Exercise aim: Copy each line of the entries that contains the word "Embroidery".
- Opening Delimiter -
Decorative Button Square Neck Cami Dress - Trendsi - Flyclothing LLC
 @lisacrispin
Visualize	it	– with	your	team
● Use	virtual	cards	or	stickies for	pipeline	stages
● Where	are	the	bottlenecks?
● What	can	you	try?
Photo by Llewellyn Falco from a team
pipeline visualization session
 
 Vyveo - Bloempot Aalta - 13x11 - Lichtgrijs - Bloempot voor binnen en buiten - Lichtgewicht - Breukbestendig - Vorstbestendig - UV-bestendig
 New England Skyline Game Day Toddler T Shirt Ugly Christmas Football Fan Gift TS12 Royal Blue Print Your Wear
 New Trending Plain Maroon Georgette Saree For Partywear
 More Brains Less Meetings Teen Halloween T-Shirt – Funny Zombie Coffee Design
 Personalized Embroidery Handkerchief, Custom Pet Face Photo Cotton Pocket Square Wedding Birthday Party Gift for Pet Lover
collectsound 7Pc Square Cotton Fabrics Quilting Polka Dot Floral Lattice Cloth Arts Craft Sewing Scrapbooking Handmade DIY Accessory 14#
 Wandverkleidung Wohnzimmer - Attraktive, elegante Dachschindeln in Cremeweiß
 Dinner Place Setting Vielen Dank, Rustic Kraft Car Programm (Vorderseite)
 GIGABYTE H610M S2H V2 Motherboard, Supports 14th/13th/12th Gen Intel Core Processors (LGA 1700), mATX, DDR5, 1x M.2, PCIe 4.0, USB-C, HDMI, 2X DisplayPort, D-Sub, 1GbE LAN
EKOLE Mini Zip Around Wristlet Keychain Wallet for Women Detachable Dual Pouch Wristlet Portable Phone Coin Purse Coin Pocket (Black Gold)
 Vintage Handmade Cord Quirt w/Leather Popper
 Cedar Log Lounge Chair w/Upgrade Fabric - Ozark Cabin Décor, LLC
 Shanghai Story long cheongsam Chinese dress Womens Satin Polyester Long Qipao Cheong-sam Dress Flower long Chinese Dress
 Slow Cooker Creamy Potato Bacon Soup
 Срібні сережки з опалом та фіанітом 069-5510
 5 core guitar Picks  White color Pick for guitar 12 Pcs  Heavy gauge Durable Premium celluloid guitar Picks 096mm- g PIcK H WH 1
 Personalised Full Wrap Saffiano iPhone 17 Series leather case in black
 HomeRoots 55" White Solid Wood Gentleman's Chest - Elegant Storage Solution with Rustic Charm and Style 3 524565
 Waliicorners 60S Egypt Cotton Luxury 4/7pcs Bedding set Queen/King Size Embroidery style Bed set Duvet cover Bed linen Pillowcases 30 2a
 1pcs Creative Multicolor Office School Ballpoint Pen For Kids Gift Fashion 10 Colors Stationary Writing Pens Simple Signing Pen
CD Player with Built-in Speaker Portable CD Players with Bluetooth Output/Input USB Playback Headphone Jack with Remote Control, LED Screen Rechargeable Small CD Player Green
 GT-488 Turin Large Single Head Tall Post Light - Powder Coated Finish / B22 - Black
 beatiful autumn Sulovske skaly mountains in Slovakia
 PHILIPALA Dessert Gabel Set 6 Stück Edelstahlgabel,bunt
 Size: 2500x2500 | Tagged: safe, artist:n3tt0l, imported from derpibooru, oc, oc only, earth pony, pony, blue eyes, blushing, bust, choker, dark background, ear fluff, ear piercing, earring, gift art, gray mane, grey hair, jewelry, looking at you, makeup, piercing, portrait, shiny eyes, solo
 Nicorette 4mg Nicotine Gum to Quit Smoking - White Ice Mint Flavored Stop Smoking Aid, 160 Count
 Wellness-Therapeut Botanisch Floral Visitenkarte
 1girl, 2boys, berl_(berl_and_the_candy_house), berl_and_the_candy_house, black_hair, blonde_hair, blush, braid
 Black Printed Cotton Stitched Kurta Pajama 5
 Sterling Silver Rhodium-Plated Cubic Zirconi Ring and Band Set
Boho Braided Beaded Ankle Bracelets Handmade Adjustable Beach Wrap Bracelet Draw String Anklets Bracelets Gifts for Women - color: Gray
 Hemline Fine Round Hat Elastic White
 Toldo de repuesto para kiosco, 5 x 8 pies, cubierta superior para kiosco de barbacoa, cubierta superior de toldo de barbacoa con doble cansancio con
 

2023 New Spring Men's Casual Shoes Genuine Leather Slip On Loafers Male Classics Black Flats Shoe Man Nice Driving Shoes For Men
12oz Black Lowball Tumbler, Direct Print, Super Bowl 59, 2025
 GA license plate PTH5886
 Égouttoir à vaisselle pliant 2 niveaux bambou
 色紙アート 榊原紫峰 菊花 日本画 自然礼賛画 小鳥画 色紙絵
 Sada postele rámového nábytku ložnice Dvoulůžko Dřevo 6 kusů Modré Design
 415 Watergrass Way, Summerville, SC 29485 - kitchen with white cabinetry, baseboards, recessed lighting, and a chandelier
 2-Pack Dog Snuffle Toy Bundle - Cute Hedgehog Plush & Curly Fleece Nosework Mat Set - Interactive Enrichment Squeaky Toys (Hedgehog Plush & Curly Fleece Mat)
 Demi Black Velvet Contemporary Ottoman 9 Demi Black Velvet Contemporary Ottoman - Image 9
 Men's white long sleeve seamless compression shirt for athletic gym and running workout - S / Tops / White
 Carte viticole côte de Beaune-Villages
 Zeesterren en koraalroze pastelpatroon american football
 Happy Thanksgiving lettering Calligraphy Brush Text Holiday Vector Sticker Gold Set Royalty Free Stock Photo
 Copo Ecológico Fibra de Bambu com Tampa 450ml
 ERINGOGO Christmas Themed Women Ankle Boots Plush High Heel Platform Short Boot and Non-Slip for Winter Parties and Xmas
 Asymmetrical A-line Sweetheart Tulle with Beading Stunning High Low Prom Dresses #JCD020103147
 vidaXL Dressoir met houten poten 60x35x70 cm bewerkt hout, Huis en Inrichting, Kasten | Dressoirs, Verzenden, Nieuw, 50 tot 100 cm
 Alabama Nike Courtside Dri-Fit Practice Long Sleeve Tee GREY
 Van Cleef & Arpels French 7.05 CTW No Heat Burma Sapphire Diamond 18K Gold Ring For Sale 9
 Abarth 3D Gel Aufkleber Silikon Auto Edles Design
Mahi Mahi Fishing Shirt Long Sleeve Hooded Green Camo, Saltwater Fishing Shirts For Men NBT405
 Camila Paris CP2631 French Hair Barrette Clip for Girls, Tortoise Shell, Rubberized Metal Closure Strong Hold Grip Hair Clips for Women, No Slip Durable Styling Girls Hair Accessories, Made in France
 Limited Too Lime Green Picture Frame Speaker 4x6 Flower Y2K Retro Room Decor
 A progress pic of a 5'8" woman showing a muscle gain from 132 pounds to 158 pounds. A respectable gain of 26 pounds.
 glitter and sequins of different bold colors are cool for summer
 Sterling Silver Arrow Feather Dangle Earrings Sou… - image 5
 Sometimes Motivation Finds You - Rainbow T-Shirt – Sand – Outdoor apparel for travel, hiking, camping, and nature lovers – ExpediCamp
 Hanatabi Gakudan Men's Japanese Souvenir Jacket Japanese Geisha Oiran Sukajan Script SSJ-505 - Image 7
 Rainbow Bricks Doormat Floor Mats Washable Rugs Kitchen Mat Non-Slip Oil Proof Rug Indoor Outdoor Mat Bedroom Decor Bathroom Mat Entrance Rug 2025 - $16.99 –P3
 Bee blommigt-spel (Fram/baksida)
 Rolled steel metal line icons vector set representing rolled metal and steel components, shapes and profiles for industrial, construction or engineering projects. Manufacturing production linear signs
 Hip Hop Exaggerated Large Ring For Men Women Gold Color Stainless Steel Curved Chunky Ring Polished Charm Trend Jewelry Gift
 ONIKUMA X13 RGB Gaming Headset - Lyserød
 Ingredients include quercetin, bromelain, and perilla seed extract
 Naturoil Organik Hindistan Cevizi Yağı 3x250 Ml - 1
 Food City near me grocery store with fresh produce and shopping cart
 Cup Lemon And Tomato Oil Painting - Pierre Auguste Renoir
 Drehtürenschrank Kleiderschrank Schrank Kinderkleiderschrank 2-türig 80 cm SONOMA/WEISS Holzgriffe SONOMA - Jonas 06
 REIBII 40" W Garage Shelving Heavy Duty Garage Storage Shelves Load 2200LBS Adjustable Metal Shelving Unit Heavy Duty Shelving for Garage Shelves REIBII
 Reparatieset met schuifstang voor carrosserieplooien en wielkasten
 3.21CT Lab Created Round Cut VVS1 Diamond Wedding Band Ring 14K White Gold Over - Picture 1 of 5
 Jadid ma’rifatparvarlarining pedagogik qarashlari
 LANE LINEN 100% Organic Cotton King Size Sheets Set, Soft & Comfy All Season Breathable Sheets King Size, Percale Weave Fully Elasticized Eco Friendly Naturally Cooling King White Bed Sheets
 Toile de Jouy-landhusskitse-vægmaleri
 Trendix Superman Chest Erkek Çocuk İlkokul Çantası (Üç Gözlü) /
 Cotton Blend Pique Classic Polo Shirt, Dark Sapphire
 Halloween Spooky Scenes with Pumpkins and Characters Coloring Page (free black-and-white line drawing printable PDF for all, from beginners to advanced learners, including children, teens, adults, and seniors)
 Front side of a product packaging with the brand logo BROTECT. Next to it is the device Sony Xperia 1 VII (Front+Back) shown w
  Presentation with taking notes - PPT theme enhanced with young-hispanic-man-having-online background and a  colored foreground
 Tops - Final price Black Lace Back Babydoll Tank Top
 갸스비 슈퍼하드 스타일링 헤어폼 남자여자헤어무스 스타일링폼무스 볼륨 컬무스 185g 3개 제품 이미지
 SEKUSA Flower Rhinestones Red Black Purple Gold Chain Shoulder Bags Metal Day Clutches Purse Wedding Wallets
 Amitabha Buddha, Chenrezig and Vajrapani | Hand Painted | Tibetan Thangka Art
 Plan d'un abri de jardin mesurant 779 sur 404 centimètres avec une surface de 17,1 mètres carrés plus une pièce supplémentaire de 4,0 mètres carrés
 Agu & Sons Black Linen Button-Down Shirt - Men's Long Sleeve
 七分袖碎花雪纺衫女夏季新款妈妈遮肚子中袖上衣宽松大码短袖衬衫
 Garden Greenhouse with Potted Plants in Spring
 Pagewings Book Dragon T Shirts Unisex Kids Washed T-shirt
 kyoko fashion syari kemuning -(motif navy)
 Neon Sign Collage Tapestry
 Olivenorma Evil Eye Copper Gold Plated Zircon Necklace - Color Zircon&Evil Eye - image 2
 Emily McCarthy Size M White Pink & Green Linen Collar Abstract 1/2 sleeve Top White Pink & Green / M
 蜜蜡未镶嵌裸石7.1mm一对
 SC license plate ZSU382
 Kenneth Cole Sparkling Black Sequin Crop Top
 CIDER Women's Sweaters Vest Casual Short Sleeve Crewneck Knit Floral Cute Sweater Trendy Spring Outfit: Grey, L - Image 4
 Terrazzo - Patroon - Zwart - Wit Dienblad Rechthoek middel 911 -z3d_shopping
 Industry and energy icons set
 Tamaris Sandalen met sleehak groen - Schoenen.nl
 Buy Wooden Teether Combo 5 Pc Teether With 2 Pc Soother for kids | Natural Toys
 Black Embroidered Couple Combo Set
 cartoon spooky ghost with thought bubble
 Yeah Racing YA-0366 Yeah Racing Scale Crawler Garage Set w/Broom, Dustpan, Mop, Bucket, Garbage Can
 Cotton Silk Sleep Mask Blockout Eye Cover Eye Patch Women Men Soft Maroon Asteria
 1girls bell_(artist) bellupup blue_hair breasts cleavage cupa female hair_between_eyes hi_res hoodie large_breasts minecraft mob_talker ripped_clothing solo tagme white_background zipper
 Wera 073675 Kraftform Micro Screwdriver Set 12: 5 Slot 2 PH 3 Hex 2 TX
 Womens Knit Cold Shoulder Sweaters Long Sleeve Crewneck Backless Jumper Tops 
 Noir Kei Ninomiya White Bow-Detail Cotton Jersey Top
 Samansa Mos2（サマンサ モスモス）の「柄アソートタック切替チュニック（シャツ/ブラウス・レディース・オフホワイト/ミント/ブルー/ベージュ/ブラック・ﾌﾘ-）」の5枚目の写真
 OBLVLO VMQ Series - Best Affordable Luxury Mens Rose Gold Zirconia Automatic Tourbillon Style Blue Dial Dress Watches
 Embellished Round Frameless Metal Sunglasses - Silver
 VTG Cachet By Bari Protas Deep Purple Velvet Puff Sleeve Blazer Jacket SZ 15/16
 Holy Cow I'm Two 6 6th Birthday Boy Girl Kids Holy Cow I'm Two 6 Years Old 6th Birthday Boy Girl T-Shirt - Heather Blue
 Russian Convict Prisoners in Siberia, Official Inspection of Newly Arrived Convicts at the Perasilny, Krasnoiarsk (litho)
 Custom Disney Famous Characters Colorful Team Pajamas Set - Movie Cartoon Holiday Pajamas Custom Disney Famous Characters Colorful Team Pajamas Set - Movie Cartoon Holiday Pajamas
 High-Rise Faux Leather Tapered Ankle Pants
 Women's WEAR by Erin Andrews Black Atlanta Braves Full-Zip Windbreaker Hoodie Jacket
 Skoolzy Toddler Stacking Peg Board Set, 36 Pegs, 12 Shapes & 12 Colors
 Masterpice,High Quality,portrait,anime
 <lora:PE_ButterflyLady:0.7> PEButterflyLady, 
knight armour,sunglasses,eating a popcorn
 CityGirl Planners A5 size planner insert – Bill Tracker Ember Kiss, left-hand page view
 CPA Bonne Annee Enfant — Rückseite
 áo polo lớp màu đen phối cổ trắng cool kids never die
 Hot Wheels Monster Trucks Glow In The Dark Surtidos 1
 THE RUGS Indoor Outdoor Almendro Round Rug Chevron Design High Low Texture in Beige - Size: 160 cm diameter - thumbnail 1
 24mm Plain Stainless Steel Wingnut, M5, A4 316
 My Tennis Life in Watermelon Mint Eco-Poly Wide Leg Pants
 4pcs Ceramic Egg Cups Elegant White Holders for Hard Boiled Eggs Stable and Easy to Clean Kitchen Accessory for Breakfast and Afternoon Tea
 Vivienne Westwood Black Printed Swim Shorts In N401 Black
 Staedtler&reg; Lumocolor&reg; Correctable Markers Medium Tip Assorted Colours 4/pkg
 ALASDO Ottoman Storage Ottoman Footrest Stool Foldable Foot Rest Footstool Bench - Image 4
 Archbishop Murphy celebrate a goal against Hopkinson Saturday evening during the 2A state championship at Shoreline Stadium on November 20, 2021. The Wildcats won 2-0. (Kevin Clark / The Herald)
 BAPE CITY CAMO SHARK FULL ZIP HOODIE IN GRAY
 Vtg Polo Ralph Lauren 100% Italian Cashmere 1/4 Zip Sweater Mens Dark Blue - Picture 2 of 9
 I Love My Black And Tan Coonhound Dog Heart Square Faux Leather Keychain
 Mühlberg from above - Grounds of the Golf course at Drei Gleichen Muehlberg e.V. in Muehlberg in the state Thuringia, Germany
- Closing Delimiter -
Answer area:
 Personalized Embroidery Handkerchief, Custom Pet Face Photo Cotton Pocket Square Wedding Birthday Party Gift for Pet Lover
 Waliicorners 60S Egypt Cotton Luxury 4/7pcs Bedding set Queen/King Size Embroidery style Bed set Duvet cover Bed linen Pillowcases 30 2a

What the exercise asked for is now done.